La Historia Alemana de Heinrich von Treitschke comenzada en los años 1870 -que cubría el periodo entre la revolución francesa y la revolución de 1848- se ha considerado como la obra más representativa, tanto desde el punto de vista académico como popular, de la historiografía alemana inmediatamente posterior a la unificación. Leopold von Ranke, que había de vivir hasta 1886, era visto como un monumento viviente, un resto del pasado. En lugar del distanciamiento que él defendía -considerado ahora una lamentable indiferencia moral- Treitschke reclamaba el compromiso político del historiador en favor del nuevo Estado y su poder, al cual debían subordinarse todo tipo de consideraciones personales. En contra también de la idea de Ranke de equilibrio de poderes, Treitschke contemplaba las relaciones internacionales como un campo de batalla para la supervivencia de los más fuertes y defendía una política exterior alemana agresiva dirigida contra Inglaterra, que incluía la construcción de una flota de guerra y el establecimiento de colonias. Todavía más que en otros países occidentales, la historia académica se convirtió en Alemania en un instrumento de educación y propaganda políticas.

El desafío positivista en Alemania, el hogar de la tradición historicista, se produjo tarde, en la última década del siglo. Karl Lamprecht lo inició en 1891 con la publicación del primer volumen de su Historia Alemana, dando origen a lo que se conoce como polémica sobre el método. Según Lamprecht, la historia debería seguir los pasos de las ciencias de la naturaleza -que, desde hacia mucho tiempo, "habían superado la época en la que el método descriptivo distinguía los fenómenos en función exclusivamente de sus características específicas e individuales"- y tratar de establecer leyes generales de desarrollo en todos los aspectos de la vida humana, en lugar de ocuparse de acontecimientos singulares y únicos, referentes sólo a la esfera política.
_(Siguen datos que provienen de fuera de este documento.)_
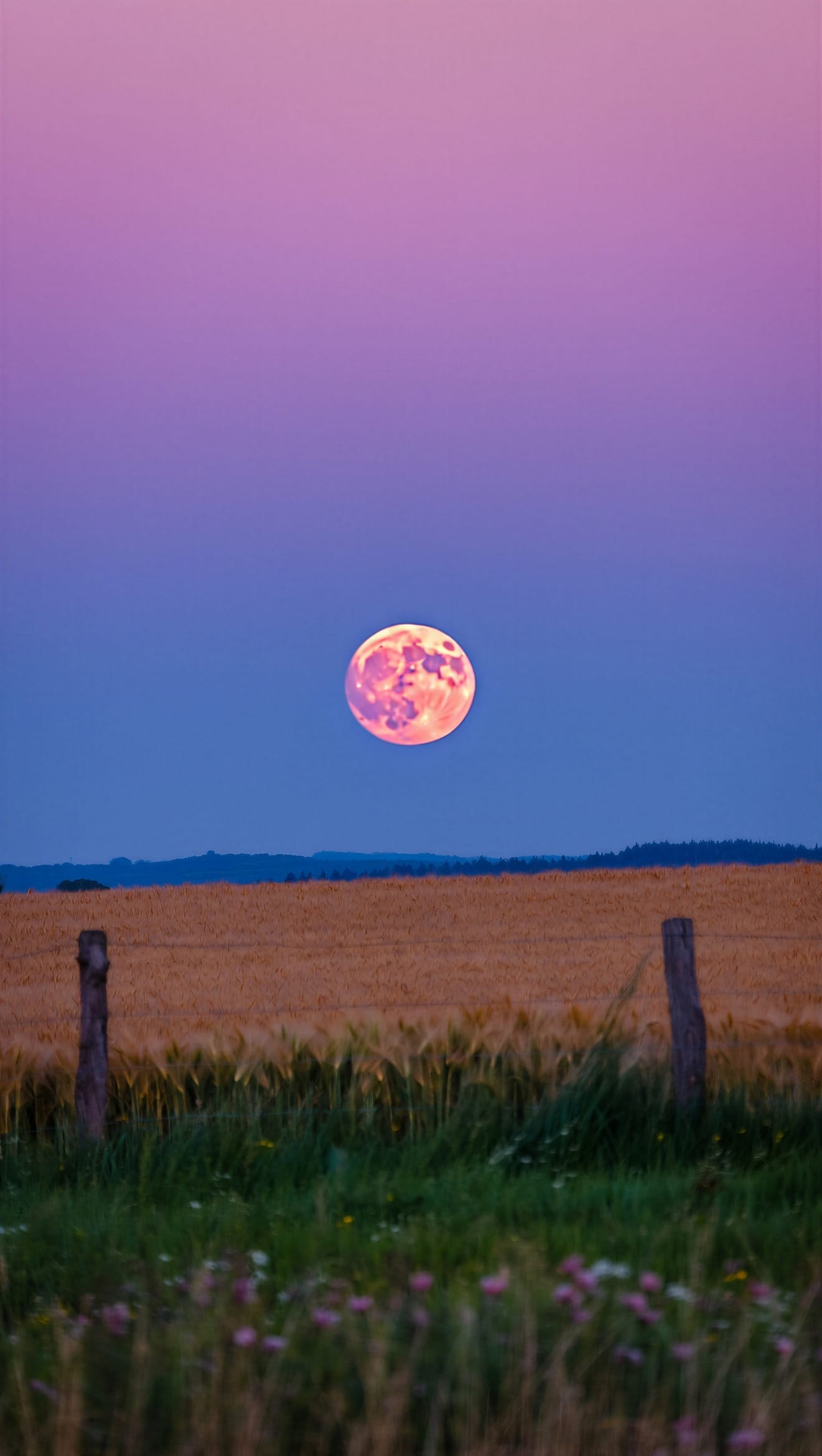 moon, horizon duvar kağıtları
Los historiadores reaccionaron contra lo que consideraron un ataque del materialismo occidental a la tradición idealista alemana. En apoyo de sus tesis adujeron las reflexiones teóricas de los neo-kantianos W. Windelband y H. Rickert, y también las de W. Dilthey. En 1894, W. Windelband en un discurso rectoral en la universidad de Estrasburgo había establecido una distinción fundamental entre las ciencias de la naturaleza y la historia, en razón de su objetivo; las primeras, a las que dio el nombre de "nomotéticas", tenían por finalidad la formulación de leyes generales; la historia, por el contrario, a la que denominó ciencia "idiográfica", la descripción de hechos individuales. Poco después, Rickert amplió esta distinción al señalar que los historiadores utilizaban criterios valorativos que estaban ausentes en la labor de los científicos.
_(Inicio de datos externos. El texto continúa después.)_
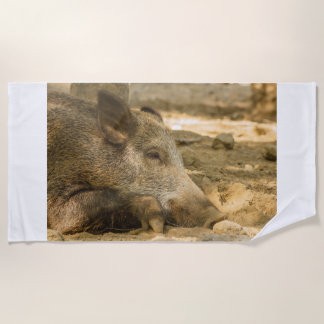 close-up of a wild boar on beach towels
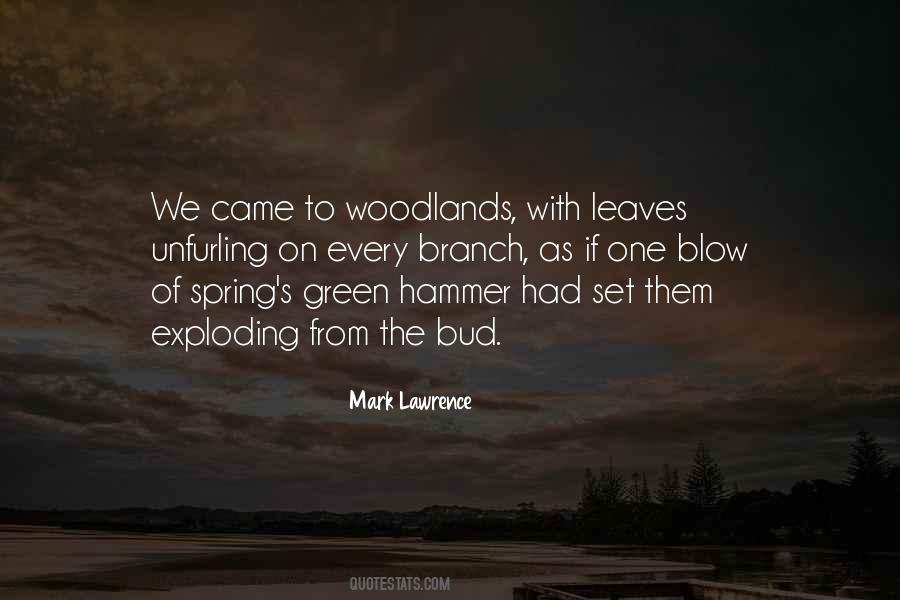 When You Have A Hammer Quotes #251346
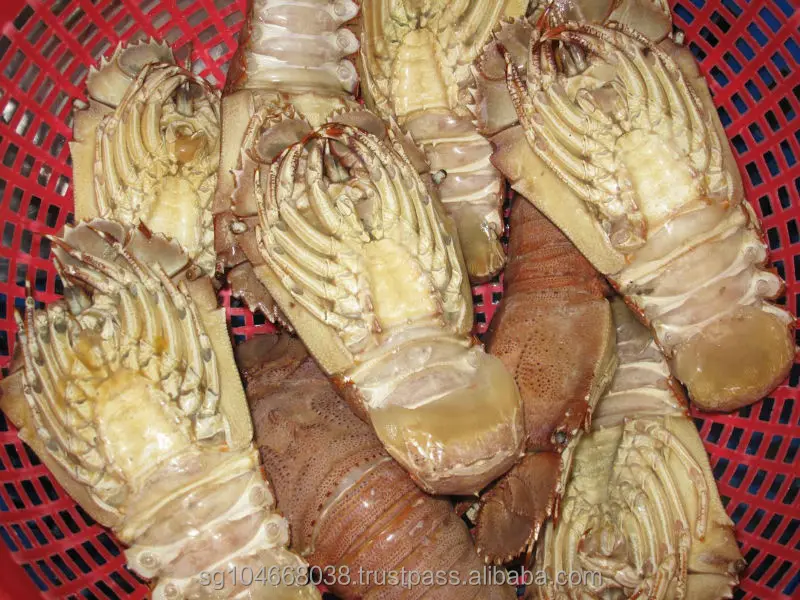 
Frozen Slipper Lobster Whole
En este ambiente cobraron nueva actualidad las ideas de W. Dilthey, un filósofo solitario y olvidado que, en 1883, había publicado la primera -y única- parte de la Introducción a las Ciencias del Espíritu, en la que se planteaba la forma como el historiador realiza su trabajo; éste, según Dilthey, consiste en una experiencia interna, en la recreación del pasado que el historiador lleva a cabo en función de su propia vida espiritual, y que se diferencia esencialmente del trabajo del científico, basado en la observación de materiales externos a él mismo. Por eso, concluía Dilthey, explicamos la naturaleza, pero sólo entendemos la historia.

Los enfrentamientos y alianzas que se produjeron en esta polémica -que terminó versando sobre cuál era el campo al que el historiador debía prestar atención- no fueron completamente coherentes. Tanto K. Lamprecht como los historiadores tradicionales compartían la creencia fundamental en la objetividad del proceso histórico y en la posibilidad real de conocimiento. Pero esto era lo que los filósofos, a cuya autoridad acudieron los historiadores, venían a cuestionar seriamente. Los historiadores no fueron conscientes de las implicaciones subjetivistas contenidas en las ideas de sus aliados. Implicaciones que, por otra parte, ninguno de éstos sacó personalmente. Sería más tarde, en el ambiente pesimista que siguió a la primera guerra mundial, cuando una nueva generación de pensadores encontró en ellos las raíces de su propio relativismo epistemológico y ético.